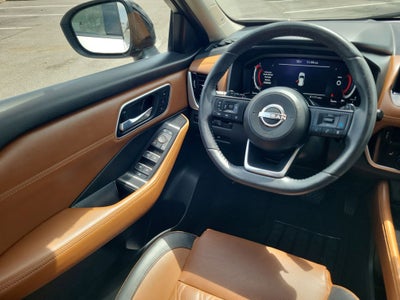 2024 Nissan Rogue Platinum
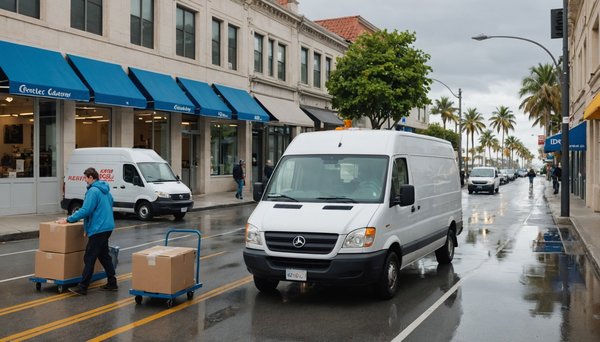 Location d'un utilitaire aller simple : avantages et inconvénients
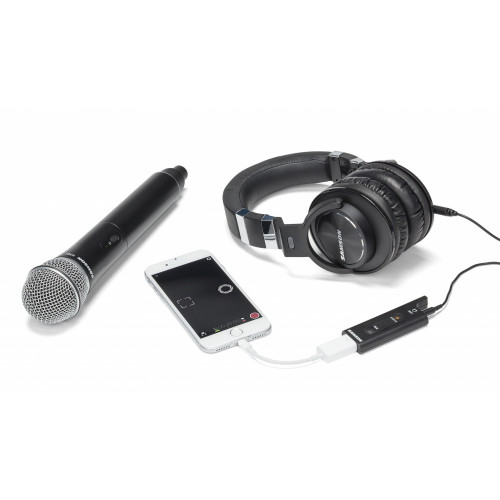 Samson USB wireless Handheld System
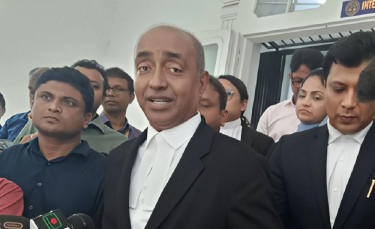 শেখ হাসিনা পৃথিবীর ইতিহাসে শ্রেষ্ঠ মিথ্যাবাদী স্বৈরাচার: অ্যাটর্নি জেনারেল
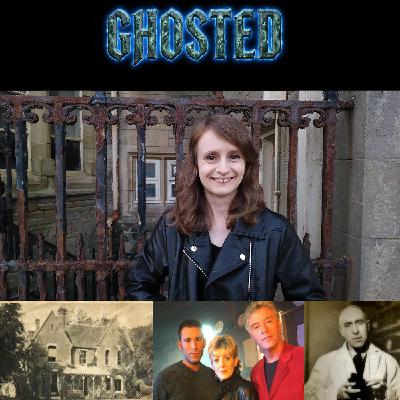 S05E15 Ghosted with Alice Vernon S05E15 Ghosted with Alice Vernon
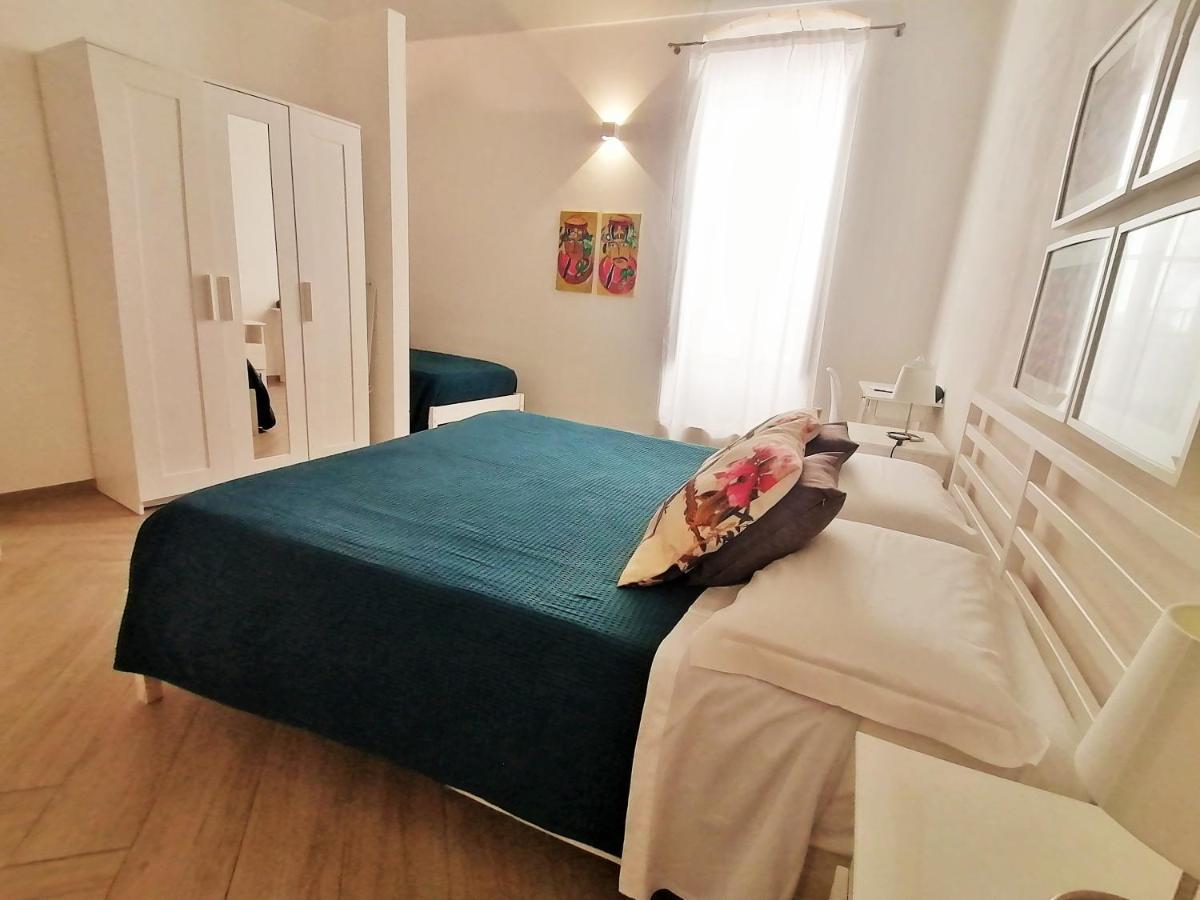 Bed and Breakfast Le Nuvole à Syracuse Extérieur photo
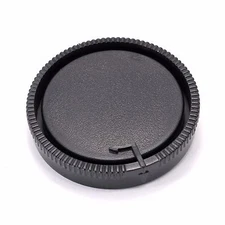 New Rear Lens Cap Cover Protector for Sony Minolta a mount lens black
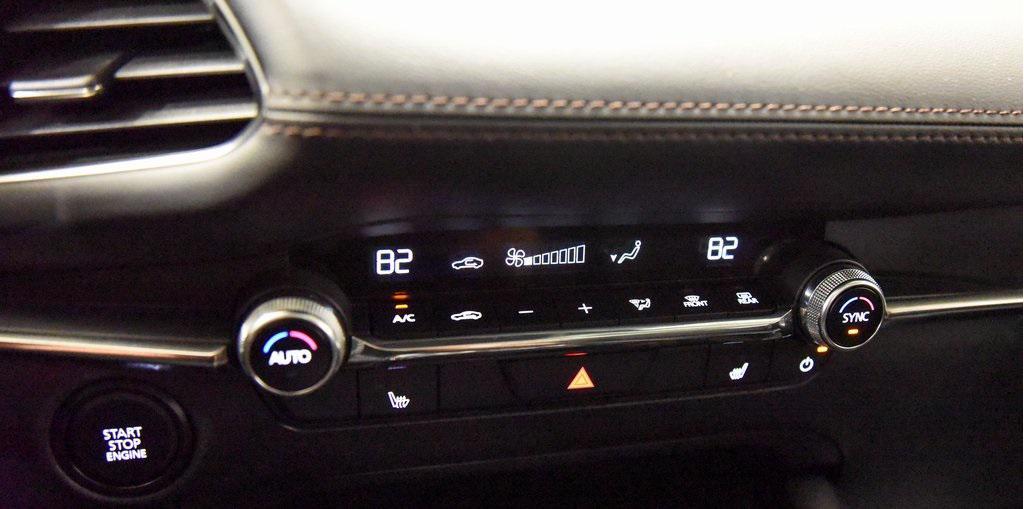 used 2025 Mazda Mazda3 car, priced at $22,889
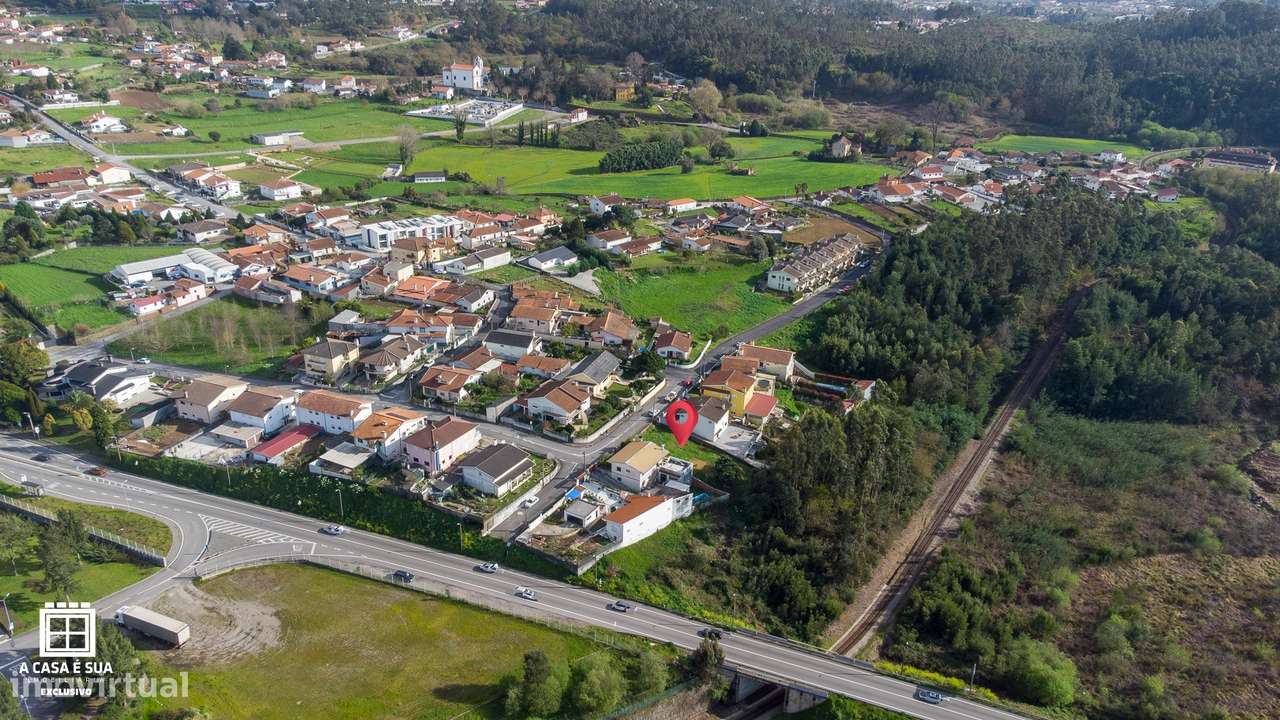 Terreno urbano 530m2 perto do centro da Feira - SANFINS-13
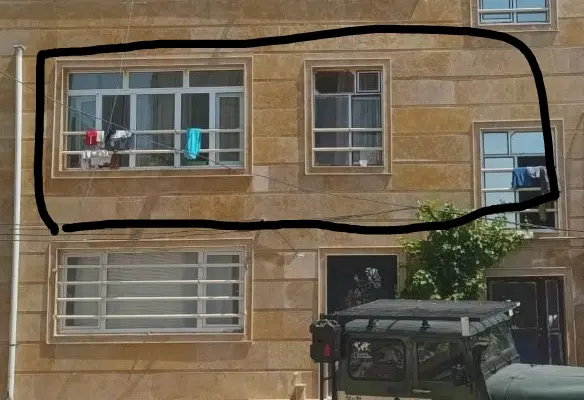 خانه اجاره ای خیابان ازادی کوچه کیهان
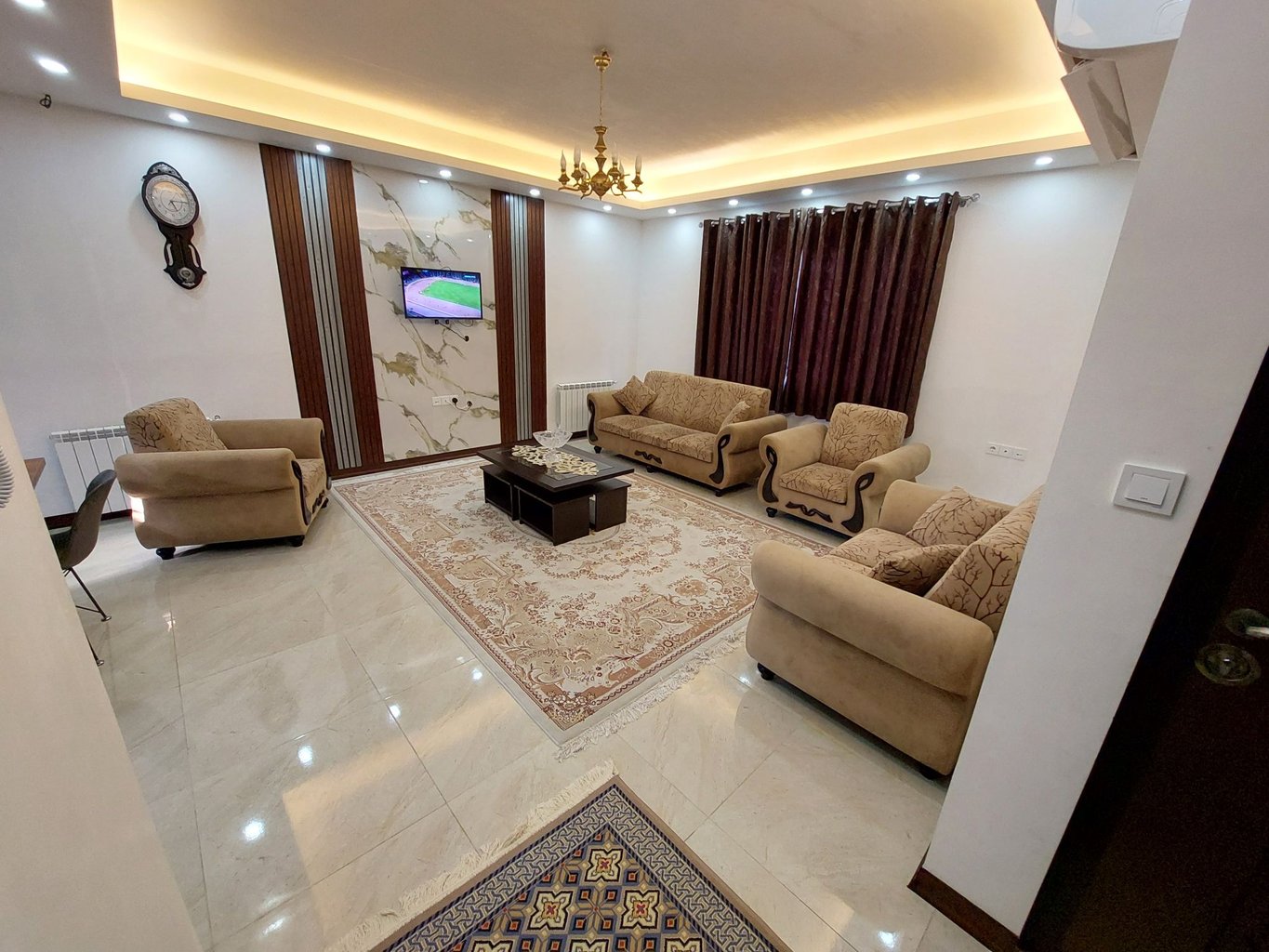 یک خوابه ساحلی شاهان 2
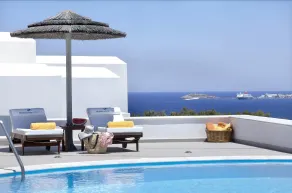 Hotel Mediterranean - Piscine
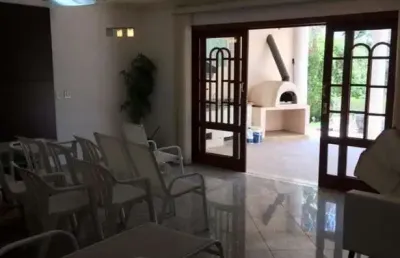 Sobrado para venda em santana de parnaíba, residencial melville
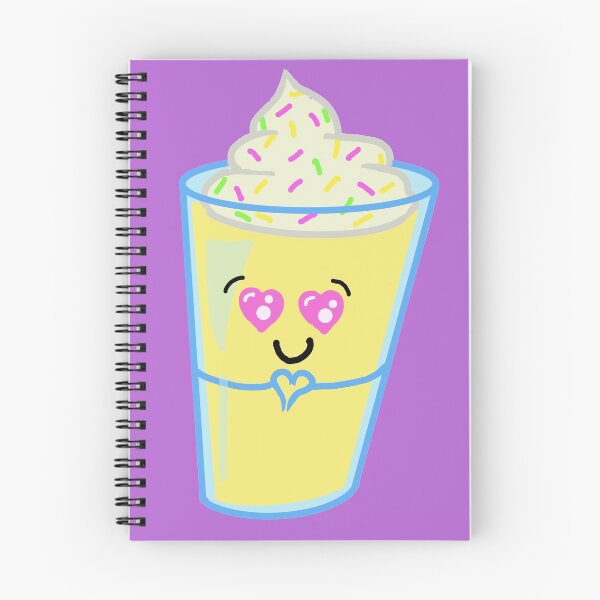 Item preview, Amorous Kawaii Milkshake designed and sold by DesignsBySaxton.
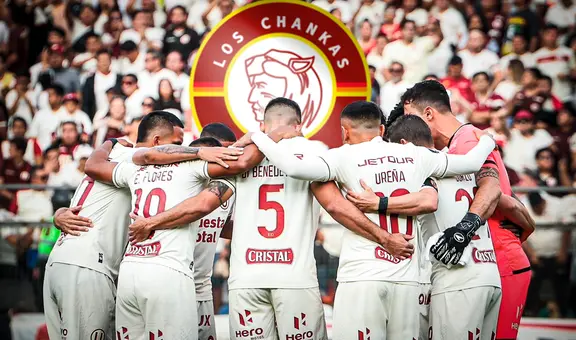 Universitario busca salida de uno de sus centrales y su destino sería Los Chankas de Andahuaylas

_The problem_:
Restate word for word the lines from the one with "Bed and Breakfast" to the end of the material, both included. Do not include the pictures.

_Your solution_:
 Bed and Breakfast Le Nuvole à Syracuse Extérieur photo
 New Rear Lens Cap Cover Protector for Sony Minolta a mount lens black
 used 2025 Mazda Mazda3 car, priced at $22,889
 Terreno urbano 530m2 perto do centro da Feira - SANFINS-13
 خانه اجاره ای خیابان ازادی کوچه کیهان
 یک خوابه ساحلی شاهان 2
 Hotel Mediterranean - Piscine
 Sobrado para venda em santana de parnaíba, residencial melville
 Item preview, Amorous Kawaii Milkshake designed and sold by DesignsBySaxton.
 Universitario busca salida de uno de sus centrales y su destino sería Los Chankas de Andahuaylas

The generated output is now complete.